Meanwhile Doug is home with the other five minions holding down the fort & keeping little emotional hearts intact as Ben, Rianan, Jack,  Blake & Will try to cope & adjust, with Clay & I being so far away & their little brother so unwell.

At the moment my head is so filled with oxygen saturation levels & high heart rates; concerns over anxious & emotional little minions, a husband worried for all his children & for his wife over an hour away. There's nothing that I can actively do to fix anything other than to just keep swimming. 

Hence, there is no available brain space for blog posts.

So on that note I'll leave this post here.

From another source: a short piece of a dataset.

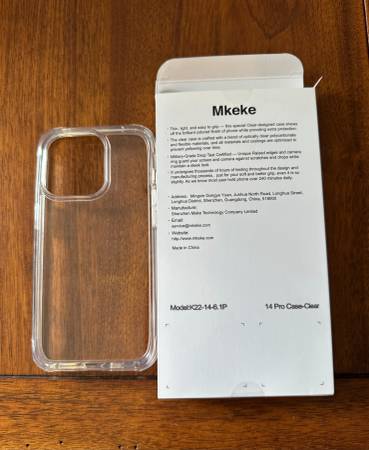 Apple iphone 14 Pro clear case 1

We'll be returning to our regular scheduled programming once we're all under the same roof again & life has returned to normal...

Well as normal as can be.

Monday, July 21, 2014

Photographic evidence

It's been said the more kids you have, the less evidence of their childhood there is in the photo albums. Sadly it's true, in our case any way. 

I swore once we had more than two children, that I would not be that parent, the kind who takes thousands of photos of their first child, documenting every breath. Displaying hundreds of photos of the second child & documenting the important milestones. Then taking a few pictures here & there of the third child, & having only their name & birth details filled in in their 'baby's firsts book'.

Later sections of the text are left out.